Lord Henry shook his head. “It is the real Dorian Gray – that is all.”
“Harry, I can’t argue with two of my best friends at once. Between you both you have made me hate the best piece of work I have ever done. What is it but canvas and colour?19 I will destroy it.”
Dorian Gray watched as Hallward walked over to the painting-table and picked up a knife. The boy jumped from the sofa, tore the knife from Hallward’s hand and threw it across the room. “Don’t, Basil, don’t!” he cried. “It would be murder!”
“I am glad that you appreciate my work at last, Dorian,” said the painter coldly. “I never thought you would.”

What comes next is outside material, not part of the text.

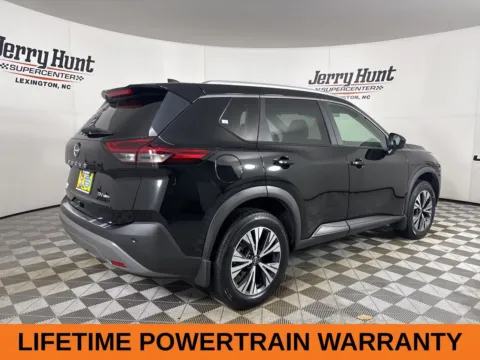 More photos of 2023 Nissan Rogue SV at Jerry Hunt Supercenter - Lexington, NC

“Appreciate it? I am in love with it, Basil. It is part of myself. I feel that.”
“What silly people you are, both of you!” said Lord Henry. “I don’t like scenes, except on the stage. Lets forget about the painting for one night and go to the theatre.”
“I would like to come to the theatre with you, Lord Henry.”
“And you will come too, won’t you, Basil?”
“I can’t,” said Hallward. “I have too much work to do.”
“Well, you and I will go together, Mr. Gray.”
The painter bit his lip and walked over to the picture.